As a last little note, so that it is VERY clear, I want to state that I am not bashing a club. The club is very helpful and filled with knowledgeable people that will go out of their way to help get a handler/dog to where they can go.

Somehow, in DISCUSSING things, here, or anywhere there is a tendancy to go hog wild and accuse anyone DISCUSSING something of bashing, or disrespecting. Disagreeing with something, anything is taboo, so of course, I get in trouble.

Most of what I said here pertained to my OVERALL perception of training dogs covering all of my time with the protection sports. I have always leaned towards getting the entry before going to accessories.


----------



## Lisa Maze (Mar 30, 2007)

Jeff,

Not that I am exactly the warm and fuzzy type but you do excel in insulting people and making enemies. I have a little talent in that arena too so I we have a bond.

That said, you took something out of context and in addition competely misunderstood it. Saying this technique is designed to slow down a dog's entry is like saying having a dog drag a tire or work on a bungee will slow down the entry. The point is to slow the dog down on this exercise so the decoy can teach what he wants to the dog.

Sorry, there is no dog in the club as fast as Villier. If I thought it was safe, I would ask you to do a flee just to get it on video. So far the only person in San Antonio I have felt comfortable doing any long sends on is Arturo. He has worked extensively with many very good French Ring trainers and has very good technique. He also knows his limitations and is humble so I trust him to keep my dog and himself safe. It is my responsibilty to make choices that protect my dog and also protect macho idiots that think they can catch any dog. Not that I am pointing a finger at you.

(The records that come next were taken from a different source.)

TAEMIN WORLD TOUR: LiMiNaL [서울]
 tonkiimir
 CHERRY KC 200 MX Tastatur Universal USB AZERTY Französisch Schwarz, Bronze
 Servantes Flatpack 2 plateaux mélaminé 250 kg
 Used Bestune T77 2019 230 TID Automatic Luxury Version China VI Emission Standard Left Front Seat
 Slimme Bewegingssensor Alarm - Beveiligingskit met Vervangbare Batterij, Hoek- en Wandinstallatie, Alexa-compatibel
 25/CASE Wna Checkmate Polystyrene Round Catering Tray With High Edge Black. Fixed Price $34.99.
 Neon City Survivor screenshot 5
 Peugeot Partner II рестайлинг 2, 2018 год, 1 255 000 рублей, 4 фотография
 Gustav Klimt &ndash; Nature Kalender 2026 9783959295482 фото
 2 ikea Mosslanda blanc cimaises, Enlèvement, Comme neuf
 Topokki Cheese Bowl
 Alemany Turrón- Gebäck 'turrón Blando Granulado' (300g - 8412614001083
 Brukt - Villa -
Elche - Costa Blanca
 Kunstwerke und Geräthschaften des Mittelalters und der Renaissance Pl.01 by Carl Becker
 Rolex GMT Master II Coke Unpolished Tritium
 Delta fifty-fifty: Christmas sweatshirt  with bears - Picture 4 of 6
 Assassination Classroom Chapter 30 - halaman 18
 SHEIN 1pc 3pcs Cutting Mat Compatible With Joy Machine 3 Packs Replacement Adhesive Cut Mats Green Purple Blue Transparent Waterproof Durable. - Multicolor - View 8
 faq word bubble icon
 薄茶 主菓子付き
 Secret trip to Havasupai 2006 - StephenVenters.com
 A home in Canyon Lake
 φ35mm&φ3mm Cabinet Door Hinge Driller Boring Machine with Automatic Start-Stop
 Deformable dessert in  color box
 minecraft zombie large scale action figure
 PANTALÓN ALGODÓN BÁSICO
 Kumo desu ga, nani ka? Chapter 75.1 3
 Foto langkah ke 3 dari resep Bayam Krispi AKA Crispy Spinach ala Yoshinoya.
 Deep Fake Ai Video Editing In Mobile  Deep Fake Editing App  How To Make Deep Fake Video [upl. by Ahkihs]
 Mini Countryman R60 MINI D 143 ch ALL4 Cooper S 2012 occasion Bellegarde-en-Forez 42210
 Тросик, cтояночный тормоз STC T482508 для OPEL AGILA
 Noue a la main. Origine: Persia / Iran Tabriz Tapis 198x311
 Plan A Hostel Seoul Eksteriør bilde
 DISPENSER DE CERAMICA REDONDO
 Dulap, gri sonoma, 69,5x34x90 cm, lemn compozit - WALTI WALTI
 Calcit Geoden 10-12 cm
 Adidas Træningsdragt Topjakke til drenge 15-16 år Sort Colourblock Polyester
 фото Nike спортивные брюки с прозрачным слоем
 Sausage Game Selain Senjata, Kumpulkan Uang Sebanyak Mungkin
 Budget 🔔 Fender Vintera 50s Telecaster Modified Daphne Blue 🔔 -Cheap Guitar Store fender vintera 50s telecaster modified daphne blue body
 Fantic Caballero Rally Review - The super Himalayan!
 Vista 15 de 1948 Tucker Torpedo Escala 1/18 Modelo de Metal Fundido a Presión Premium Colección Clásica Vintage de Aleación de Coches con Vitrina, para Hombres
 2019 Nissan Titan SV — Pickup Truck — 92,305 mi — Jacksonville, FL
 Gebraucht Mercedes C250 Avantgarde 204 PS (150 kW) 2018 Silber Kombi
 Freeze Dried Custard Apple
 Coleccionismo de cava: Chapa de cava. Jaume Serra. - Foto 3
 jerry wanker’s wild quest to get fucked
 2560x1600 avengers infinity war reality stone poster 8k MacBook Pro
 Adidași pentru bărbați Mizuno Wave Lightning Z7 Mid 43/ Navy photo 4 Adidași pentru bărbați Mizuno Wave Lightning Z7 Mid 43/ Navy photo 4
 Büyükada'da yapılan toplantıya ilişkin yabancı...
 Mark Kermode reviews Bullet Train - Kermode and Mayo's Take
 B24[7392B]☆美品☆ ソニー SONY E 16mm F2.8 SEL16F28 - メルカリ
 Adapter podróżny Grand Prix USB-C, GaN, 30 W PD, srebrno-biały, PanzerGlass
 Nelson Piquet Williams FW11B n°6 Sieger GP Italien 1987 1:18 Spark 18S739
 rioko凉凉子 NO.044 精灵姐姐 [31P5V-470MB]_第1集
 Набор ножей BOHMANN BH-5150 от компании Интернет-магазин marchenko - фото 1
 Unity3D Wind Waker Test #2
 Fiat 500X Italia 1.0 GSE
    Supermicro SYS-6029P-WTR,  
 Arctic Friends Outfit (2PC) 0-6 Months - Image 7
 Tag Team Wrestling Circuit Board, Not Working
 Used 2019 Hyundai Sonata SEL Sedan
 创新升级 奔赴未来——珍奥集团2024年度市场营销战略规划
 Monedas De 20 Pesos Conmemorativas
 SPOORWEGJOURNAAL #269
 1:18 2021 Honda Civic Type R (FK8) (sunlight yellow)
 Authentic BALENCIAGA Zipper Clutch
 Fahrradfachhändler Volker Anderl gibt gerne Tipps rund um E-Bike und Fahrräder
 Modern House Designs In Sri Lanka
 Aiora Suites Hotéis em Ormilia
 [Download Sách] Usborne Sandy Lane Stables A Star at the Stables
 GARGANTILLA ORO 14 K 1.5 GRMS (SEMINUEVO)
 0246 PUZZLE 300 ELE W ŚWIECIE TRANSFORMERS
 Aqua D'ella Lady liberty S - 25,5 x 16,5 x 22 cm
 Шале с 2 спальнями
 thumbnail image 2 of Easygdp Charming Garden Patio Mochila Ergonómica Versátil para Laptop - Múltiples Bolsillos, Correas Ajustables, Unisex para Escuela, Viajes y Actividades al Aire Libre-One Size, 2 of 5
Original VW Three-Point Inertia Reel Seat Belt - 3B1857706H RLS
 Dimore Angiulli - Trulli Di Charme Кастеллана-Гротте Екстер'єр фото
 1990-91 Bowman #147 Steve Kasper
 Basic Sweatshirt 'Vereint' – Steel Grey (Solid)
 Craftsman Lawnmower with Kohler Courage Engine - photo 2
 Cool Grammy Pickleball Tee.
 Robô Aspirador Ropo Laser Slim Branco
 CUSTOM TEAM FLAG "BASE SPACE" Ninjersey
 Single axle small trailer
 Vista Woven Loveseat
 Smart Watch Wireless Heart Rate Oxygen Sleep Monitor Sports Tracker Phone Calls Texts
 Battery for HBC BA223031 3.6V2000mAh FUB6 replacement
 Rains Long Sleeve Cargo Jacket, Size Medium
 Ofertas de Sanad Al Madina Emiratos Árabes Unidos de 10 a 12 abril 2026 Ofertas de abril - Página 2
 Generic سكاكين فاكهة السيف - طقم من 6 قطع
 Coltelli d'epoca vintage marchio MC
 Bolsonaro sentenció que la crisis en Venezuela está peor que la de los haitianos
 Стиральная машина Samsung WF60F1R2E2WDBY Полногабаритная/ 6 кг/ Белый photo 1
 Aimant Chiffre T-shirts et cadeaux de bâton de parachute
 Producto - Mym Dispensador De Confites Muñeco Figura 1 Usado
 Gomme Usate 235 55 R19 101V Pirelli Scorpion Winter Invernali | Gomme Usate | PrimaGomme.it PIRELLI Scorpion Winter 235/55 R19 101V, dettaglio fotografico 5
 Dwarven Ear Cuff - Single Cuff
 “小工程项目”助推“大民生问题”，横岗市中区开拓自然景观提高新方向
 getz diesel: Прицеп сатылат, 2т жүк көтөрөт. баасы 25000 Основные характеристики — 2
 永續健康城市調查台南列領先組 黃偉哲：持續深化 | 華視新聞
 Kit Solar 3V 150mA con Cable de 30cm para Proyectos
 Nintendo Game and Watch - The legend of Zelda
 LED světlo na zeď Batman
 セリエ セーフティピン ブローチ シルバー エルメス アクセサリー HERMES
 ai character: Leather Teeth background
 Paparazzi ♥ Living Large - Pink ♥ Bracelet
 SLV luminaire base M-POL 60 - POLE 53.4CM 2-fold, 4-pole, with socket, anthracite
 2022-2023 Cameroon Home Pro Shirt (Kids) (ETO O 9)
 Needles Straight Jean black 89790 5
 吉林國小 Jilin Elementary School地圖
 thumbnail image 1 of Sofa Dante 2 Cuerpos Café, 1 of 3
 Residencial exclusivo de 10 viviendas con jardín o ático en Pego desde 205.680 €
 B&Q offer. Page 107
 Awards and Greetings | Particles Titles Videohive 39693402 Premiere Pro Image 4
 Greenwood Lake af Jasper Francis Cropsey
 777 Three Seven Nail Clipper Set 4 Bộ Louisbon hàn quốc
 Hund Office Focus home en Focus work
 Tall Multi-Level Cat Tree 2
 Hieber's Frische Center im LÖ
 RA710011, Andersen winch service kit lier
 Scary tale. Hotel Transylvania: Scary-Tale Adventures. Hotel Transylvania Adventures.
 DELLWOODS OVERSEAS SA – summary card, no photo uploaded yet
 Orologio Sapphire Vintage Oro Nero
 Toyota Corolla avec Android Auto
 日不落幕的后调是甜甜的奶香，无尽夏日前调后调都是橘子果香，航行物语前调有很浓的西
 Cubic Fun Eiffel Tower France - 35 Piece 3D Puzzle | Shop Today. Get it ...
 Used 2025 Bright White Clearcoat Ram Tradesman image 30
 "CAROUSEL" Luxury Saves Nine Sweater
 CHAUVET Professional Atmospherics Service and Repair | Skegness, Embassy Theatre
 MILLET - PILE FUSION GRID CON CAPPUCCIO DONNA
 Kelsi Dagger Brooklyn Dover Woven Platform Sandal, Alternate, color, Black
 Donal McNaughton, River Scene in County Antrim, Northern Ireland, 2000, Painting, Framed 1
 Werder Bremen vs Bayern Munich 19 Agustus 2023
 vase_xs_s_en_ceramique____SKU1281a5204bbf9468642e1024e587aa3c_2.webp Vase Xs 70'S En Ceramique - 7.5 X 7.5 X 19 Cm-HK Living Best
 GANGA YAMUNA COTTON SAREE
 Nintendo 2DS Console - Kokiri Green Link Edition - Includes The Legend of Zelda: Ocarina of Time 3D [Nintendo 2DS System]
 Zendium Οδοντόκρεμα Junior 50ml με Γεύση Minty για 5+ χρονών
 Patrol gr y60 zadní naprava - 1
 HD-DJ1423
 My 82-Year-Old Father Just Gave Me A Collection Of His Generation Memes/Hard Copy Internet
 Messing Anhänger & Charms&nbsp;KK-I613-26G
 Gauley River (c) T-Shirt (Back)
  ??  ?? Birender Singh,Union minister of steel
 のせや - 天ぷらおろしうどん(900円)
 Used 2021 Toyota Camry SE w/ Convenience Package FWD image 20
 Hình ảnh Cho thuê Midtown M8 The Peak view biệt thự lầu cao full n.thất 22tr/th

Maybe if Cari and I get carried away with the adult beverages one day I will lose a little judgement and let the beast play with you.

The most important rule in the list of rules is the one that states it is up to the judge to make the final call as to the conduct of the decoy. Despite all the whining and complaining about decoys holding dogs off with the accessory, the accessory must be penetrable and some part of the body must be accessible to the dog.

Watch this video posted by Lisa Geller of Moguez during the USMRA championships this year. He held off three of six MR 3 dogs including our little pet Loki (DIW). Yet, the judge allowed it and the strings of bottles were penetrable and there were areas of his body accessible to the dog. In Portugal he held off many dogs with similar technique and none of the panel of three judges reprimanded him.

http://www.youtube.com/watch?v=eFcgcBH2iDc

Funny, you are always berating USA decoys for being to soft and too slow but I don't see you out there showing us the way. I do hope you will join us at the decoy camp at the end of this year. You will have the opportunity to certify and show us what a true decoy looks like. 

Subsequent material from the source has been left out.